By May 3, 2019December 22nd, 2020No Comments

In this second article in a two-part series ahead of the Pioneers ’19 pitching contest on May 9th-10th, we continue to look at what it was that set the winning startups apart in previous editions of our flagship event. If you missed part one of these practical learnings any founder can use for their presentations, click here to read it. Or, if you’re already up to speed, keep reading to see what you glean from the last two years’ winning pitches.

Pioneers ’17 Winner, Stromkind

Watch the video here, from 1h16m00s.

Just as Dronamics had also done in 2015, Stromkind showed the value of having a physical product (or at least a model of it) present at the Hofburg. Having taken up the offer of an exhibiting slot in the entry foyer, most of the audience and jury had noticed their water drone long before the final pitches. But, just to be sure, Managing Director Andreas Desch asked if he could take the sizeable machine up on stage as well.

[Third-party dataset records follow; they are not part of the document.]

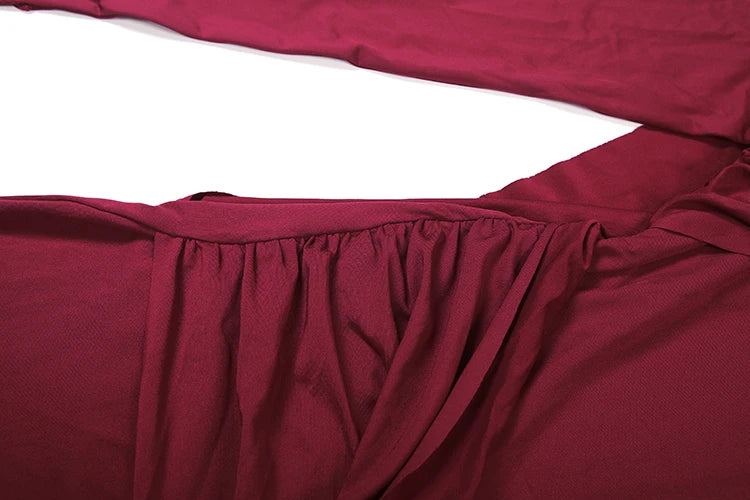 Ruched Kink Design Long Dress Women Autumn New Trend o-Neck Backless Full Sleeve Prom Party Elegant Skinny Vestidos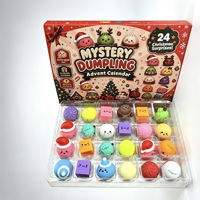 Mini Calendrier de l'Avent Squishy 24 Pièces – Ensemble de Jouets Souples Anti-Stress pour Cadeaux de Noël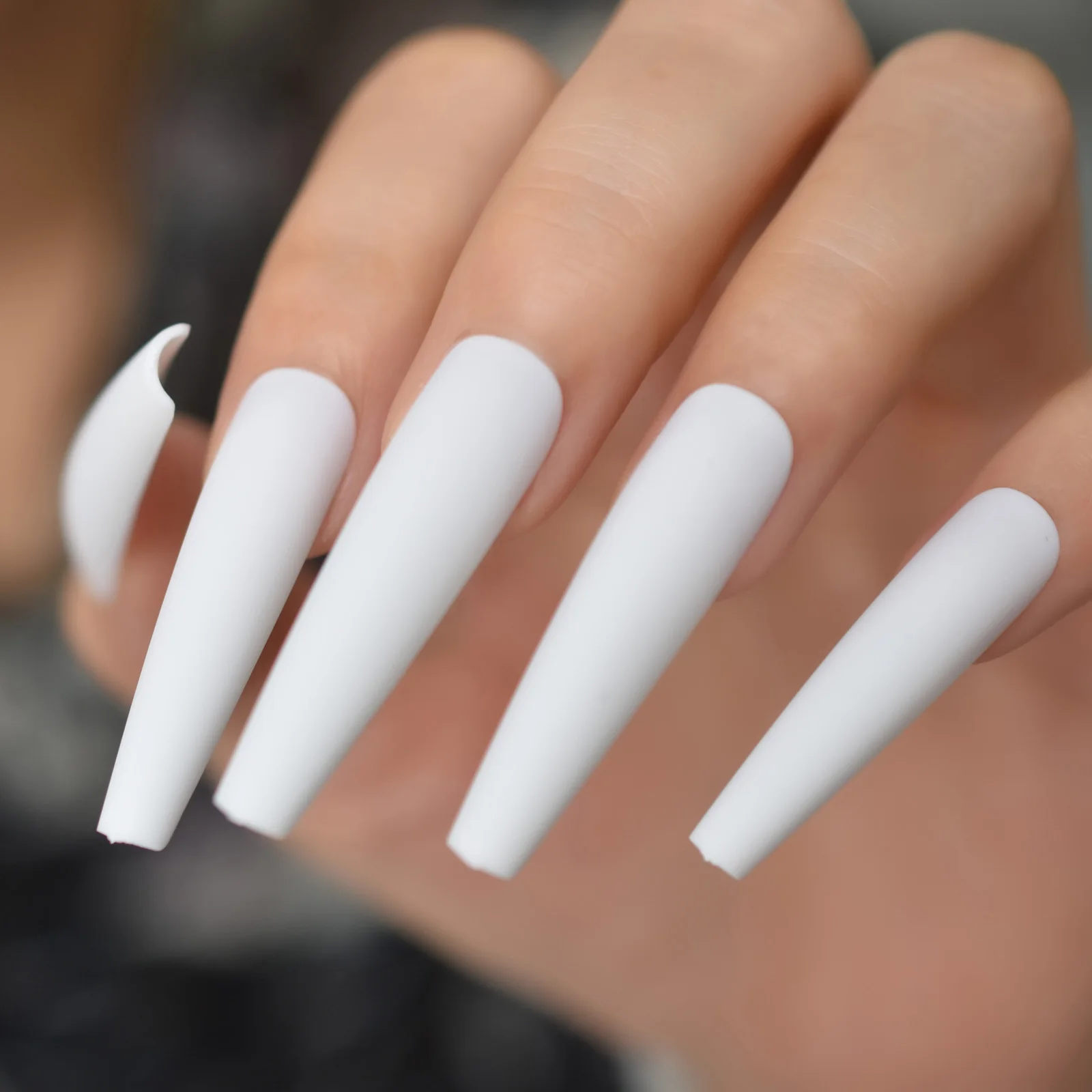 Coffin White Nails With Designprivacy - ug06o6q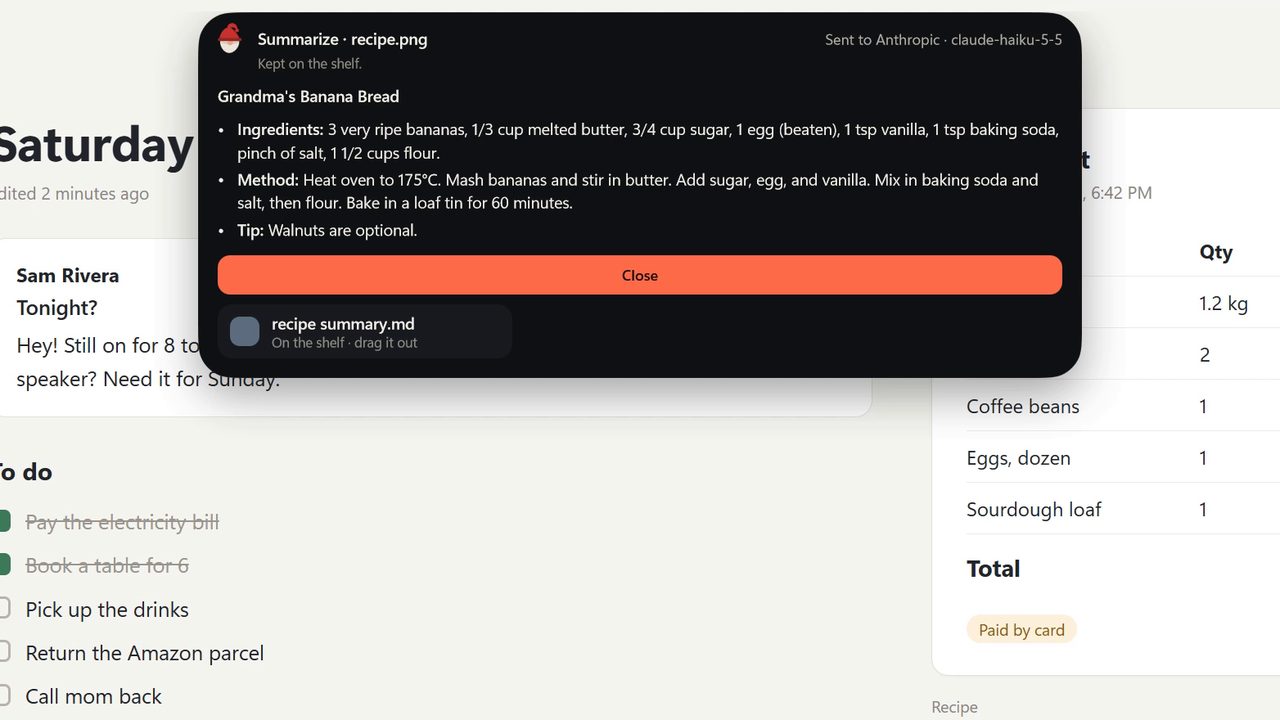 A recipe card dropped on Summarize: the summary shows in the island and is kept on the Shelf as a file.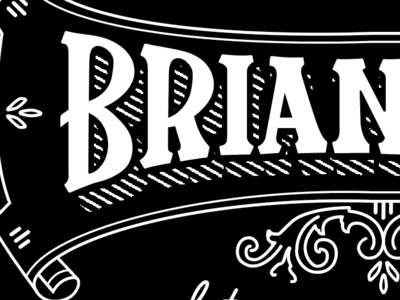 Brian business card detail halftones lettering letters scroll tattoo artist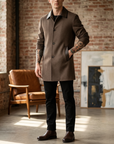 Men's  Wool Double-Faced Trench Coat - Single-Breasted Lapel Overcoat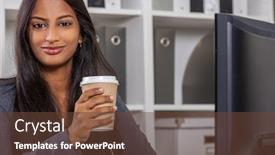  Presentation with indian tea - Presentation design featuring portrait of a beautiful young asian indian woman or businesswoman in office using a computer and drinking takeout tea or coffee background and a tawny brown colored foreground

Desch arguably didn’t wow so much his delivery as with the structure of his pitch. He didn’t do a memorable hook for the audience, but he did do a textbook job of jumping straight into the drone’s practical applications. Rather than resorting to vague, meaningless, top-line language about transformative aquatic technologies, he listed the drone’s three primary practical applications. What it could do, in other words, rather than what it was.

It wasn’t a classic problem-solution setup, but jumping straight into use cases has its own merits. You just have to be sure the jury will be able to see the problem your tech solves without being spoon-fed. Be aware of how specialised their knowledge is.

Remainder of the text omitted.